EPFL Racing Team

Driverless Perception

The EPFL Racing Team is a student association at the École Polytechnique Fédérale de Lausanne (EPFL) that designs an electric and autonomous racing car every year, and competes in the Formula Student competition. The team is composed of students from various fields of study, such as mechanical engineering, electrical engineering, computer science, and management. The team is divided into several subteams, each responsible for a specific part of the car, such as the chassis, the powertrain, the suspension, the aerodynamics, the driverless system, and the business plan.

I joined the team in September 2021 as a perception engineer in the driverless subteam, where the main task is to develop realtime algorithms that detect and estimate accurately the distance of objects (yellow and blue cones) to the car. The perception system is composed of several sensors: a monocular camera and a LiDAR. and the algorithms, based on Machine Learning are implemented in Python. The perception system is a crucial part of the driverless car, as it provides the necessary information to the planning and control algorithms to make the car drive autonomously.

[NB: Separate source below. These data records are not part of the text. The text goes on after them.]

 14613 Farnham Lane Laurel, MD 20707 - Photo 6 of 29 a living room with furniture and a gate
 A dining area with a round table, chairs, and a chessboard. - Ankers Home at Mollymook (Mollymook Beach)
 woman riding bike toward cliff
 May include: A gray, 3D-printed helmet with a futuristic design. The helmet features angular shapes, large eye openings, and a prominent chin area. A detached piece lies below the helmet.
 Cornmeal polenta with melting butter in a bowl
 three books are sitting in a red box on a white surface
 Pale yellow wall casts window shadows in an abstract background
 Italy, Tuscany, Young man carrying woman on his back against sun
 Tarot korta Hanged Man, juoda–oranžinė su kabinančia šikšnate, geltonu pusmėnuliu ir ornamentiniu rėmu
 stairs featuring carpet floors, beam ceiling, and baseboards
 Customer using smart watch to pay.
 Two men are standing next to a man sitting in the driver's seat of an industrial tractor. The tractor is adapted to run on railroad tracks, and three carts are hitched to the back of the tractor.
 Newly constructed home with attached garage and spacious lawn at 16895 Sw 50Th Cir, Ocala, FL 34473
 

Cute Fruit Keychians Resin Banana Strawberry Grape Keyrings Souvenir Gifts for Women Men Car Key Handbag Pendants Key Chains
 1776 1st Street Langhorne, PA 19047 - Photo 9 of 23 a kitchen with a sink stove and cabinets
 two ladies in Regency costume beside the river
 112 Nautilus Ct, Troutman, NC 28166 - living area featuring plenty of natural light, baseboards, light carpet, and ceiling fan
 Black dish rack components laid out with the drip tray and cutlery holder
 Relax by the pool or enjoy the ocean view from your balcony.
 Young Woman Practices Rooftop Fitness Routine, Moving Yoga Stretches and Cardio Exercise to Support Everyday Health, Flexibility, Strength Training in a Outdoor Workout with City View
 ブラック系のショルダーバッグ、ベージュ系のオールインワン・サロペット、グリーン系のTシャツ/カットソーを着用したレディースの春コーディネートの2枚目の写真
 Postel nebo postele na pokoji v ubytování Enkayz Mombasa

During my second year in the team, I was promoted to the role of perception group leader, where I was responsible for the development of the perception system, and its integration into the rest of the pipeline (using ROS 2). It was during my second year that the team managed to make the car drive by itself for the first time ever! Although the car was moving at a relatively slow speed (5 m/s), it was nevertheless an incredible and satisfying achievement.

On the left is the amazing driverless team, while on the right is the car driving autonomously!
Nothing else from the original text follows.